START Listed entries

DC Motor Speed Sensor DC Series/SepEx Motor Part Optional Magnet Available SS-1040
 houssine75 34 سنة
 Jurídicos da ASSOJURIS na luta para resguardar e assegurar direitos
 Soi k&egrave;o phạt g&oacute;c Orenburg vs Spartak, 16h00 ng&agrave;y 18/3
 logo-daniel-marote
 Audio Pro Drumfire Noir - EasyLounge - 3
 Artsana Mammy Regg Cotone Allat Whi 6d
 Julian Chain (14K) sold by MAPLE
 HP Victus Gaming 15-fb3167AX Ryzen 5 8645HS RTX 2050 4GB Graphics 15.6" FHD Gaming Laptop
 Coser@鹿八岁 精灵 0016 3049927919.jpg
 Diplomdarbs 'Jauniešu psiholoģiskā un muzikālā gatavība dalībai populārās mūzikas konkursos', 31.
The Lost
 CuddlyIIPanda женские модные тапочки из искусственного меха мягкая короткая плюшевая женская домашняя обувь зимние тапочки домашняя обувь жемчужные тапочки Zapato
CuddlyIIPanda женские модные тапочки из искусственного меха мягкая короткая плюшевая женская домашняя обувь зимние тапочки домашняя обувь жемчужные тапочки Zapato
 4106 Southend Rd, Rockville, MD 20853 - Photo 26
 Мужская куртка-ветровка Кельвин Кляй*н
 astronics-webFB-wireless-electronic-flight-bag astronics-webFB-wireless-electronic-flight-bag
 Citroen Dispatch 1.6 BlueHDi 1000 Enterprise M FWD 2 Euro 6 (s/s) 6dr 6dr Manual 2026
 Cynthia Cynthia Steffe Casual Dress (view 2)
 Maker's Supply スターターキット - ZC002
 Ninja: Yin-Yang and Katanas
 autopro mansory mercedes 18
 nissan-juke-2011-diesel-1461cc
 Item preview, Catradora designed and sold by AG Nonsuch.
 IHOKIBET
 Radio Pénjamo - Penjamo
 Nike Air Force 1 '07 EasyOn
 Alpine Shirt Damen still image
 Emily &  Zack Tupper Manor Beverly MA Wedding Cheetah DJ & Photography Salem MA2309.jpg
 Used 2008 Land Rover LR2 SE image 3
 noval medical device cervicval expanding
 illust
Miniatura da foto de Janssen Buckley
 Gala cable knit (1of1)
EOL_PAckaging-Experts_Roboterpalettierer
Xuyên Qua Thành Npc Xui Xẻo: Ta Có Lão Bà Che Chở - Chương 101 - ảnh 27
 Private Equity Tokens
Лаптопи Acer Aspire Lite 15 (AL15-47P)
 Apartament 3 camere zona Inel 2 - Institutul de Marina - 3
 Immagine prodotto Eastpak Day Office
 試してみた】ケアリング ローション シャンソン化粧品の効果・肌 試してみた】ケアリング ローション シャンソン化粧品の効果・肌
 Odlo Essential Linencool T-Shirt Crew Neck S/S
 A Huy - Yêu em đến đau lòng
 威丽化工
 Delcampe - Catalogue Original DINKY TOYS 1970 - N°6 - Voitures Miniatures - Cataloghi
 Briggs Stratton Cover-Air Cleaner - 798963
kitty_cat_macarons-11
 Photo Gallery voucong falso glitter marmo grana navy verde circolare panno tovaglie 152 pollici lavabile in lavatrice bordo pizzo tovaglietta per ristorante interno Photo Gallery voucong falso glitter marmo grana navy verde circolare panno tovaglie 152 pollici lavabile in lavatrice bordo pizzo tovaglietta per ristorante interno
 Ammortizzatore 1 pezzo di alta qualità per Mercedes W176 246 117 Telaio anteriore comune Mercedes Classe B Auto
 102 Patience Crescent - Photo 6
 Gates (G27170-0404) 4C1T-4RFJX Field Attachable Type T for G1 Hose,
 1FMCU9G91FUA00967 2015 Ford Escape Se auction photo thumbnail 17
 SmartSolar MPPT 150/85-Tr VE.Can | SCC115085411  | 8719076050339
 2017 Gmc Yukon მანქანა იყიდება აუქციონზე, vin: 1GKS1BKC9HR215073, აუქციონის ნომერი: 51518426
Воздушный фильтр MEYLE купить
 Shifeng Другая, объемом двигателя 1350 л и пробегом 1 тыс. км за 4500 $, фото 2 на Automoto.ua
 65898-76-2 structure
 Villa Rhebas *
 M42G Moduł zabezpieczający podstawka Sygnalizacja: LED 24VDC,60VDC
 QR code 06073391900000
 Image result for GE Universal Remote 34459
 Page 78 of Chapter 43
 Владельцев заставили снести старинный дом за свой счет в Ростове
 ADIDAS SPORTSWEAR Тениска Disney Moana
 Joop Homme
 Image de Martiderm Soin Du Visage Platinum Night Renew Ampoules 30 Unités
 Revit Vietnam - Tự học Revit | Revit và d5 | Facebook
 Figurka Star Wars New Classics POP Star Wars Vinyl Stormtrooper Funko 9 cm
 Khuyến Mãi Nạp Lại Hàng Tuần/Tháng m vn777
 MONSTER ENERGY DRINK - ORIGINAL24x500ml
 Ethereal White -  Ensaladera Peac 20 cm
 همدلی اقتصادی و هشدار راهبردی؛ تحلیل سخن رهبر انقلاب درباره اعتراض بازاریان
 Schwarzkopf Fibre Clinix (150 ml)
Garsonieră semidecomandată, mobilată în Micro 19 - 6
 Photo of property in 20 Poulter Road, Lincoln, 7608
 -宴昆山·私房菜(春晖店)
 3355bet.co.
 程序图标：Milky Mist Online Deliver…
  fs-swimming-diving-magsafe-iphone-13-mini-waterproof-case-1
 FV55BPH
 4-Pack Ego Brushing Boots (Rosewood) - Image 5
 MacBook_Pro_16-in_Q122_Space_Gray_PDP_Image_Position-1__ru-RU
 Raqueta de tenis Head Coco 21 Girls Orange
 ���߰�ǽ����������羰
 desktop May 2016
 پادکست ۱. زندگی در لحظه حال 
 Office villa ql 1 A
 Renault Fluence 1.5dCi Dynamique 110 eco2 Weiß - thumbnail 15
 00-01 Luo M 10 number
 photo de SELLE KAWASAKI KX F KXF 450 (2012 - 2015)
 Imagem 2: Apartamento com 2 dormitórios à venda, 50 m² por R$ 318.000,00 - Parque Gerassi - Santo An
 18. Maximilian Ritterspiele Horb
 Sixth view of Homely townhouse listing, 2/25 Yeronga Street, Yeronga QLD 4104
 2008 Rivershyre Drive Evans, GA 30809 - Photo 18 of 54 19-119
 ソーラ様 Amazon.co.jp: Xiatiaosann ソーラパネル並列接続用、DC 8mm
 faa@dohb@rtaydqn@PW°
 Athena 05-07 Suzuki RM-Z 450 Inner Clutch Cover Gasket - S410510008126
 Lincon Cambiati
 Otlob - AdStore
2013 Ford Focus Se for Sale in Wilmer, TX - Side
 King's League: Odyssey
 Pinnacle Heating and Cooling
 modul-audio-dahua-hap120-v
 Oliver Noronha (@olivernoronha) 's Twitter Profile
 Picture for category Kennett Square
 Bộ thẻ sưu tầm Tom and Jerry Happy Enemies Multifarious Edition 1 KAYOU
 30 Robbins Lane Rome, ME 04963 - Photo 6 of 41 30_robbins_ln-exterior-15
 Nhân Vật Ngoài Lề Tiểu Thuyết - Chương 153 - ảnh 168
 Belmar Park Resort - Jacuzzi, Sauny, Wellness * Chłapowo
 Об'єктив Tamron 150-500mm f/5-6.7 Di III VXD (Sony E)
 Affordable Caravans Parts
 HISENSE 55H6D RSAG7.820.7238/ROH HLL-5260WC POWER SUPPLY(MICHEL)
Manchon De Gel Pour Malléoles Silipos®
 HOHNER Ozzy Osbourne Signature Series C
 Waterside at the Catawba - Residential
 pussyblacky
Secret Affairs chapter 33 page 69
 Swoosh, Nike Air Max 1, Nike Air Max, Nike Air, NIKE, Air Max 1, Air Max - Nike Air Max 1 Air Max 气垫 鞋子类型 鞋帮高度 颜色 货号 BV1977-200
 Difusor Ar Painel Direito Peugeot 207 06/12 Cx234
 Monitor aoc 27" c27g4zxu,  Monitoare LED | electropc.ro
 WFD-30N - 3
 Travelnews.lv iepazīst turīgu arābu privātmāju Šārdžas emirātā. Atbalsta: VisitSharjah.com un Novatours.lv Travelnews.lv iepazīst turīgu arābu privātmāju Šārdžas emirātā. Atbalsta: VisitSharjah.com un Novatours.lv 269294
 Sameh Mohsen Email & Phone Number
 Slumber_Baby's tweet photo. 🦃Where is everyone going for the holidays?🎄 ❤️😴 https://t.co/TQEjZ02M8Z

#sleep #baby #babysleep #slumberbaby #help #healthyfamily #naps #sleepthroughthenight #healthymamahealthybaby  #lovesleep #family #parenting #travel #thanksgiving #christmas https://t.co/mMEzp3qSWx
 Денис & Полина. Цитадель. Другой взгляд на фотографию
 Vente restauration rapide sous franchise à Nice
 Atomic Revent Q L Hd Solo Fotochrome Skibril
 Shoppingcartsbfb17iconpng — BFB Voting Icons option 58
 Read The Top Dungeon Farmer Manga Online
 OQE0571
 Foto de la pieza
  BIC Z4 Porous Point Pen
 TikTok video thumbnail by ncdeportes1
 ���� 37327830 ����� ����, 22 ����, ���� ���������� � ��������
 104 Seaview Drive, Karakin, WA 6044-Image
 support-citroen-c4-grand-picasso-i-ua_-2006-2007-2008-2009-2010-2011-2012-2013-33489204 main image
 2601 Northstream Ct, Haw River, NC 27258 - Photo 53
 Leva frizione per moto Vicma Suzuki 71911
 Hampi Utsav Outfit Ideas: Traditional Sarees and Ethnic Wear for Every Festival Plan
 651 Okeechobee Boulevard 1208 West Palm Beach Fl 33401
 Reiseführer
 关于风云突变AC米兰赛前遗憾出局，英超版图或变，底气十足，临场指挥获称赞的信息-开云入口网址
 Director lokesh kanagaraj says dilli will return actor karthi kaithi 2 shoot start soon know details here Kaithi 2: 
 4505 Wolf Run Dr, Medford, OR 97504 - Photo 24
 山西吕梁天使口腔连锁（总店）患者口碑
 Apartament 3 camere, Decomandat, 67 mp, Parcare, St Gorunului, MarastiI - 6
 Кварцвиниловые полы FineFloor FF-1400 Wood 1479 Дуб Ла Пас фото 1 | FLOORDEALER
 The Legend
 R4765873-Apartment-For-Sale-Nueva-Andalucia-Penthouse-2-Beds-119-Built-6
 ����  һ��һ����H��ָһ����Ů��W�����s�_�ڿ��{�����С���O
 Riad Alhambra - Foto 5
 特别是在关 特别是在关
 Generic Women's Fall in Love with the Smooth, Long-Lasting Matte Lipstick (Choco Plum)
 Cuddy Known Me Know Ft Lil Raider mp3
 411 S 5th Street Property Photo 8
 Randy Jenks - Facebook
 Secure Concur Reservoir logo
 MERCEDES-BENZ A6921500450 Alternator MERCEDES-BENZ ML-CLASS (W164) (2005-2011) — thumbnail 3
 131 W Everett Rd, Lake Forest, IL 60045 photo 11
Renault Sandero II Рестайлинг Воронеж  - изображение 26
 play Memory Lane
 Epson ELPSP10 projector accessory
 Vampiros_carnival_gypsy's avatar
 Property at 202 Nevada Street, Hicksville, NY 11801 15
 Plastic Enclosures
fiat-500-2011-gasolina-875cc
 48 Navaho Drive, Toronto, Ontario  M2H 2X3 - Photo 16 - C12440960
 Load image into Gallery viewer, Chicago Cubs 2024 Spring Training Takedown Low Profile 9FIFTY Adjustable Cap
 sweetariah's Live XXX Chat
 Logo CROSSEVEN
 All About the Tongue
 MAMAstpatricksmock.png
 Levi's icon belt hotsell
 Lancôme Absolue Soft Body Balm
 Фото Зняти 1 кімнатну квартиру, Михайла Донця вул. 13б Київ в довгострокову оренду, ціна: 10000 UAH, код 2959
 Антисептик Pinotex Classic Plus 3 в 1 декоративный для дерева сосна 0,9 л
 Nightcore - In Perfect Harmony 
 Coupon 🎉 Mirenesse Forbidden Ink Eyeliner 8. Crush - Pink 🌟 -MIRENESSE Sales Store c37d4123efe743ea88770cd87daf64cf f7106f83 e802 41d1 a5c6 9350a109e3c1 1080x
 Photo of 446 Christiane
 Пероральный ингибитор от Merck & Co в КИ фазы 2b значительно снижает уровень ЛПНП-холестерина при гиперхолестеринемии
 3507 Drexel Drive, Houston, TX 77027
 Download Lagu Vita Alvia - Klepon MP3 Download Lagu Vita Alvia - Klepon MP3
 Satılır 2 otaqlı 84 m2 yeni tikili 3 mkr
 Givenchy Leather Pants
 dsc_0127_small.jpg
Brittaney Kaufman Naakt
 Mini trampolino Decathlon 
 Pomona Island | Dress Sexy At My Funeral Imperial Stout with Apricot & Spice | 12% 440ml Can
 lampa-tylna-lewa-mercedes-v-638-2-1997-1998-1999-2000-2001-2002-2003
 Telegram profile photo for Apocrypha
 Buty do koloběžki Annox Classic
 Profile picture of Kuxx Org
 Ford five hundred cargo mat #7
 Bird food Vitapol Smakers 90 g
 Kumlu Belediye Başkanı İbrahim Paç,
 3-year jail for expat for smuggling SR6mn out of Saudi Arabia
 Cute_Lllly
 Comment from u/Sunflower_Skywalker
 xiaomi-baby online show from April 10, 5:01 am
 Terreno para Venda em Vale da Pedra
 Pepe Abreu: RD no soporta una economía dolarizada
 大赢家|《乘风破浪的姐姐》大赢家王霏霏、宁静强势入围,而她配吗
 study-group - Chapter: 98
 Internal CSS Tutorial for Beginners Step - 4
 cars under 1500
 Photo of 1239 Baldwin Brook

END Listed entries

_Goal of the exercise_: Your answer must be the lines above from the one containing "BIC Z4 Porous Point Pen" to the one containing "关于风云突变AC米兰赛前遗憾", both included, restated word for word.

_Output below_:
  BIC Z4 Porous Point Pen
 TikTok video thumbnail by ncdeportes1
 ���� 37327830 ����� ����, 22 ����, ���� ���������� � ��������
 104 Seaview Drive, Karakin, WA 6044-Image
 support-citroen-c4-grand-picasso-i-ua_-2006-2007-2008-2009-2010-2011-2012-2013-33489204 main image
 2601 Northstream Ct, Haw River, NC 27258 - Photo 53
 Leva frizione per moto Vicma Suzuki 71911
 Hampi Utsav Outfit Ideas: Traditional Sarees and Ethnic Wear for Every Festival Plan
 651 Okeechobee Boulevard 1208 West Palm Beach Fl 33401
 Reiseführer
 关于风云突变AC米兰赛前遗憾出局，英超版图或变，底气十足，临场指挥获称赞的信息-开云入口网址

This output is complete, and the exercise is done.